Which lines run from the line with "Фото Сапоги женские" through the line with "Футболка с надписью" in the entries below? Print them exactly, both ends included, and nothing more.

■ Recorded data
══════════════════════════════

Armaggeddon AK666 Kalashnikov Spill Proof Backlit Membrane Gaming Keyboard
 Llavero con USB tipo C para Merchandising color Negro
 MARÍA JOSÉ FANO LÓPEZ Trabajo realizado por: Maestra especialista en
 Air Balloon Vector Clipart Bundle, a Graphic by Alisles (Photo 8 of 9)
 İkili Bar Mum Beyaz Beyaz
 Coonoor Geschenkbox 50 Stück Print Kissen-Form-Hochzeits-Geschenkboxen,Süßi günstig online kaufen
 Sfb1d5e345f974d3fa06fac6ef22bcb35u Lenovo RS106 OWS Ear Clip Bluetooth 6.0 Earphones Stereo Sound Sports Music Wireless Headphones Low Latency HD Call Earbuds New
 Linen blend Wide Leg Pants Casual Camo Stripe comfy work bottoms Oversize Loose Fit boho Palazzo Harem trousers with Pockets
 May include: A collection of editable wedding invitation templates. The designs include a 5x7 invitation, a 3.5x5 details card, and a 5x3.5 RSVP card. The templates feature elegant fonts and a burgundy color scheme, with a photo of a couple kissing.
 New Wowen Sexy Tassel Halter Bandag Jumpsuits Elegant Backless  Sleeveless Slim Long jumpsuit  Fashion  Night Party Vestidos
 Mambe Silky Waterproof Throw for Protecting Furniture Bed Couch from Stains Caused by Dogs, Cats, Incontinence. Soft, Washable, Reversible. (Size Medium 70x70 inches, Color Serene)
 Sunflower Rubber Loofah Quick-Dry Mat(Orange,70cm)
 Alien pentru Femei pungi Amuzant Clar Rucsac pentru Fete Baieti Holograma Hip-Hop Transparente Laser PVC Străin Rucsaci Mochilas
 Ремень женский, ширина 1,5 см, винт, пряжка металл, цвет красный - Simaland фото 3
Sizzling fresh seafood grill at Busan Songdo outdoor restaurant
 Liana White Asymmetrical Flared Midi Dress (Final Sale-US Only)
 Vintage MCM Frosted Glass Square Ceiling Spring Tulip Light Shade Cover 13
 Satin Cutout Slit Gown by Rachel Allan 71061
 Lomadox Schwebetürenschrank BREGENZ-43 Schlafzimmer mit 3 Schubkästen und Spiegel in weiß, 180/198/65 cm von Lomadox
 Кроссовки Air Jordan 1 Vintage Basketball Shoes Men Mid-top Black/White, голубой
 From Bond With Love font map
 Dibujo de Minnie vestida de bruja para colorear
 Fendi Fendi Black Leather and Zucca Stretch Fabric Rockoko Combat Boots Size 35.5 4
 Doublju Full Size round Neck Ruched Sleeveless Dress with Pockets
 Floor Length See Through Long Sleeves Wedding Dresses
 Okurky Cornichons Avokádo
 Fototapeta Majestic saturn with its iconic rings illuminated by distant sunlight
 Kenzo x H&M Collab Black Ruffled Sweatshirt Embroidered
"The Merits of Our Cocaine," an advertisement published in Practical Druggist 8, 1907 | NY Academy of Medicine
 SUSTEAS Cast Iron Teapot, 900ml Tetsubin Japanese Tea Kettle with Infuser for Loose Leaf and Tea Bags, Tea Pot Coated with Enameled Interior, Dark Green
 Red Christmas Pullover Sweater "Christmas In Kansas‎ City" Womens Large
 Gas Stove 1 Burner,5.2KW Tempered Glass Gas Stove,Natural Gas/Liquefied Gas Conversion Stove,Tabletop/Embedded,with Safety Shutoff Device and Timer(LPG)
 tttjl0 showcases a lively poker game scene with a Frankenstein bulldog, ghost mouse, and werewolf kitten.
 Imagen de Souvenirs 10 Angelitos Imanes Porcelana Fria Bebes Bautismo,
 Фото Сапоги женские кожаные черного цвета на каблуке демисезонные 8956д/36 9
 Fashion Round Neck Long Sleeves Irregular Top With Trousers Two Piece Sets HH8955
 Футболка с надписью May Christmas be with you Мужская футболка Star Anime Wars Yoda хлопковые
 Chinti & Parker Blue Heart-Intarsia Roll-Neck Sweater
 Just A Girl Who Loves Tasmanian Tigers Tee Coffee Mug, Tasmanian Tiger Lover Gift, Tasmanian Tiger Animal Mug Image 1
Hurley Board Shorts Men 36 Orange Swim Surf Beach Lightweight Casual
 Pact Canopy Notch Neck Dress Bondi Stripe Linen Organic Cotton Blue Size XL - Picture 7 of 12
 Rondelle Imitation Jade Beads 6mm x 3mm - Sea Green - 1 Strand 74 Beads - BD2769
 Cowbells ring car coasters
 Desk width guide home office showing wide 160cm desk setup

══════════════════════════════

■ SOLUTION TO THIS PROBLEM
 Фото Сапоги женские кожаные черного цвета на каблуке демисезонные 8956д/36 9
 Fashion Round Neck Long Sleeves Irregular Top With Trousers Two Piece Sets HH8955
 Футболка с надписью May Christmas be with you Мужская футболка Star Anime Wars Yoda хлопковые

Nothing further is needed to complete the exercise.